He looks at her strangely. "Whatever. We've got to go."

  "Where's Cisco?" This time she subvocalizes it. "What have you done with him?"

  marching orders

  "I need you to do something for me," Sky says.

  Son is clearly both worried and afraid to interrupt. Dee Zu merely waves him off.

  "Really? Where were you when I asked for your help?"

  "I can help."

  "Goddamn it. Where's Cisco?"

  "First you must do something for me."

  "No. First you tell me where Cisco is."

  "No."

  "What do you want me to do?"

  "You must go to America."

  "America? What are you talking about?"

  "The United Securistats. The USA. Where America used to be."

  "We just came from there. Only a few days ago. Cisco and me. You brought us all the way here, I had no idea why. And now you want me to go back again?"

  "Not to ESUSA."

  "ESUSA Mall is gone."

  "Yes. You must go to what was once called Utah."

  "You're kidding."

  "No. There's a pod station not far south of where you are now. I am told it remains viable."

  "You're told? Who told you?"

  "Brian Finister."

  "Brian. Eddie Eight's wet master."

  "Yes."

  "So never mind I should trust you, now I should trust Brian."

  "Yes."

  "My God."

  "Brian has no choice. He must cooperate."

  "Just like me?"

  "Yes."

  "And why should I help?"

  "If you do not, Cisco will die."

  "What do you mean? Die here or in Aeolia?"

  "Both. Yes."

  "Then he's still alive in mondoland?"

  "Not if you fail to help. Enough talk. We must act."

  "You are really fucked up." Then Dee Zu subvocalizes it: "You are really fucked up."

  "You will let the boy lead. He has the greater experience. However, my instructions always take precedence. Understood?"

  "Goddamn it." She doesn't subvocalize this.

  off to disney world

  Dee Zu is angry. "You are really fucked up," she says.

  "What?"

  "Not you," she tells Son.

  The word "fuck" and its kin enjoyed most‐banned status in the Bunker on grounds they represented a shortcut to hell. "Blasphemy!" Gran‐Gran would claim, even though Auntie said it had nothing to do with taking the Lord's name in vain.

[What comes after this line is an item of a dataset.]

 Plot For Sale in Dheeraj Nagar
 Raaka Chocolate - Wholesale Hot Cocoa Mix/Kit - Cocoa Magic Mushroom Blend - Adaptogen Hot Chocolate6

  He watches Dee Zu utter it again, this time under her breath. Her lips barely move; the merest flutter in her throat. At the same time he notes the texture of her skin, which glistens with a fine sweat.

  Their mantles have sloughed off again, which leaves Dee Zu a much more engaging prospect.

  "Shouldn't you be more polite with her?" With Sky, he means, the semi‐divine triggerman on high.

  "Just shut up, okay? Let me sort this out."

  •

  "God damn," she says.

  "What?" Son asks.

  "That's it. No choice."

  "What are you talking about?"

  "We have to go to America."

  "What?"

  "Isn't that great?" she says. "Hi‐ho, hi‐ho. It's off to Disney World we go."

  "Where's Disney World?"

  "Never mind. We're going to Utah."

  Son lights up. "Homeland!" he says.

  "You dork."

  "Dork?"

  "There's a pod station south of here. Sky wants us to go there."

  missing in action

  "Move, move, move." Son's own earworm is back.

  "I'm getting the same message," he tells Dee Zu. "We've got to move out. Now."

  "We can't just leave him."

  "Your friend?"

  "Cisco."

  "We can't go after him." Poppy's hardscrabble creed flattens Son's voice as he tries to sound both grown‐up and sad. "And I'm not in the mood for another dance with godbolts, okay?"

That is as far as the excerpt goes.